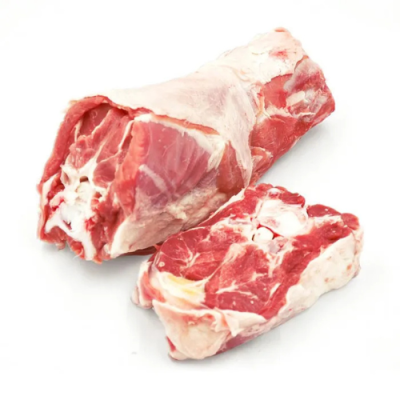 گردن پاک شده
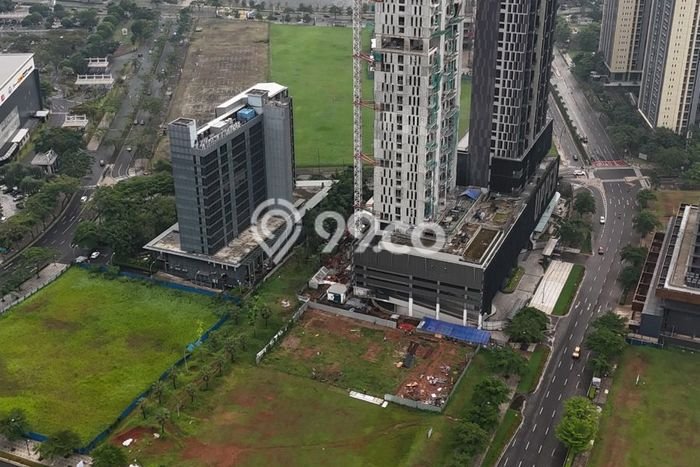 Lahan Investasi Lokasi BSD Tangerang Selatan - Lahan Investasi Lokasi BSD Tangerang Selatan -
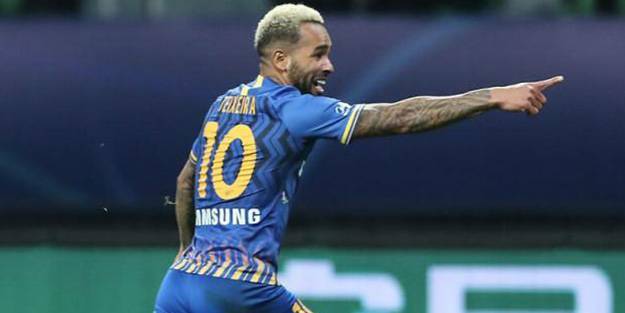 Beşiktaş, 'Alex' ile anlaştı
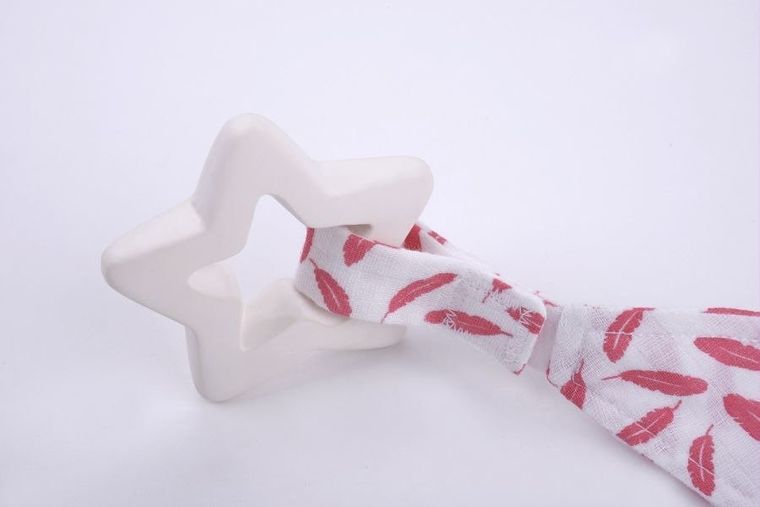 Kikadu, Gwiazdka, gryzak z pieluszką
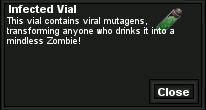 InfectedVial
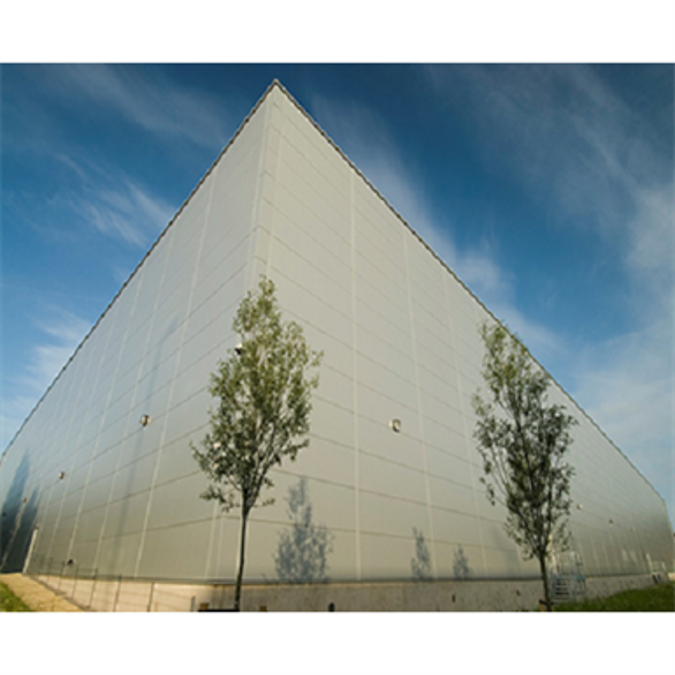 BIM objects - Free download! Trimapanel® Flat - Insulated Composite ...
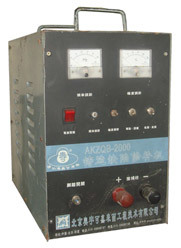 AKZQB--1999型黑色金属用铸造缺陷修补机,台式铸造缺陷修补机_供应产品_石家庄铁龙实验设备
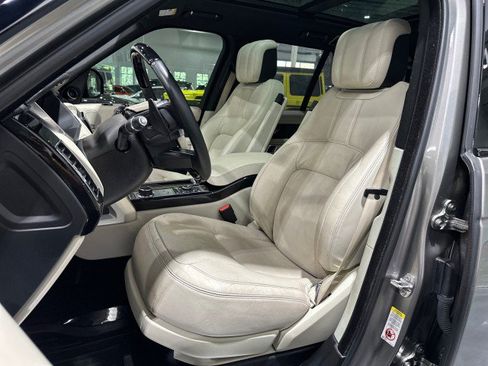 Used 2019 Land Rover Range Rover HSE AWD/4WD image 5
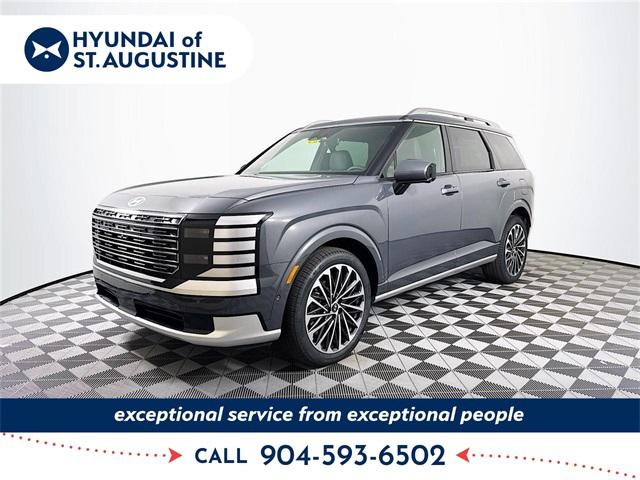 2026 Hyundai Palisade Calligraphy's photo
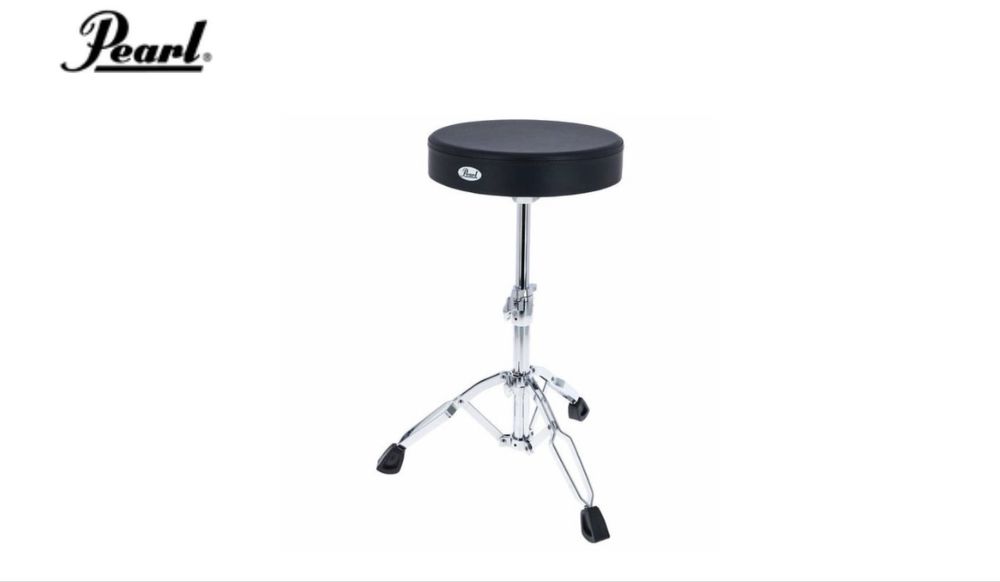 Banco de bateria Pearl D-790 – Novo na caixa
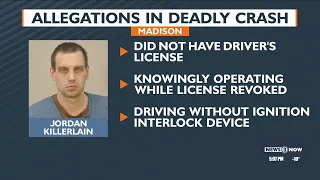 Allegations in deadly crash
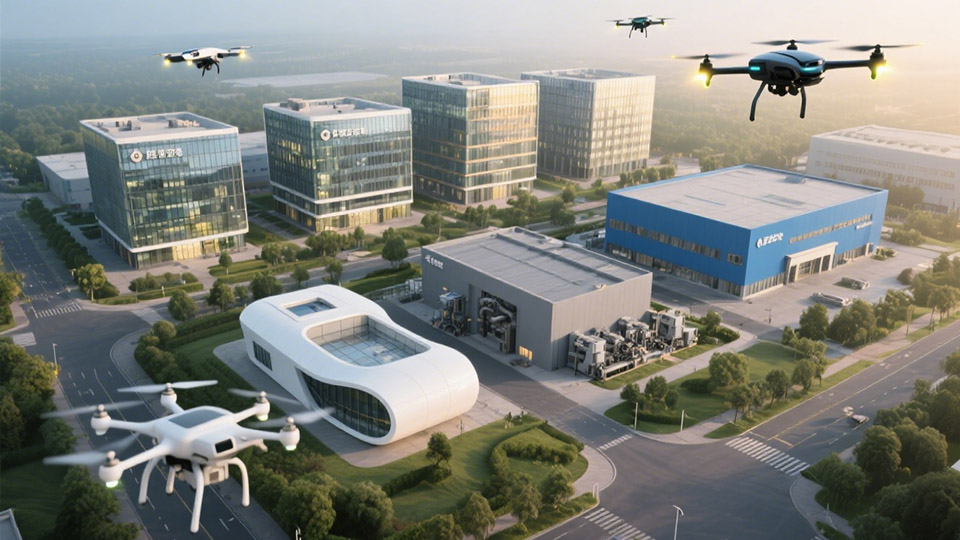 从空域到产业链:成都低空经济与智慧城市融合的创新探索_以低空+ai融合创新为核心路径-CSDN博客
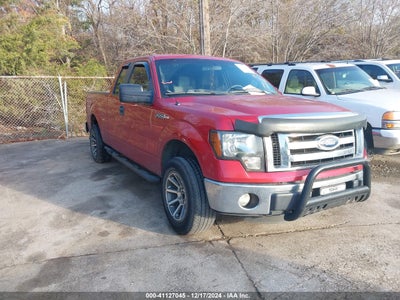 FORD F-150 2011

+ + + + +

» **Task brief**
Nothing but the lines from the start of the records through the line holding "2026 Hyundai Palisade Calligraphy's photo" should be printed, exactly as written and with the pictures left out.

» **Written answer**
 گردن پاک شده
 Lahan Investasi Lokasi BSD Tangerang Selatan - Lahan Investasi Lokasi BSD Tangerang Selatan -
 Beşiktaş, 'Alex' ile anlaştı
 Kikadu, Gwiazdka, gryzak z pieluszką
 InfectedVial
 BIM objects - Free download! Trimapanel® Flat - Insulated Composite ...
 AKZQB--1999型黑色金属用铸造缺陷修补机,台式铸造缺陷修补机_供应产品_石家庄铁龙实验设备
 Used 2019 Land Rover Range Rover HSE AWD/4WD image 5
 2026 Hyundai Palisade Calligraphy's photo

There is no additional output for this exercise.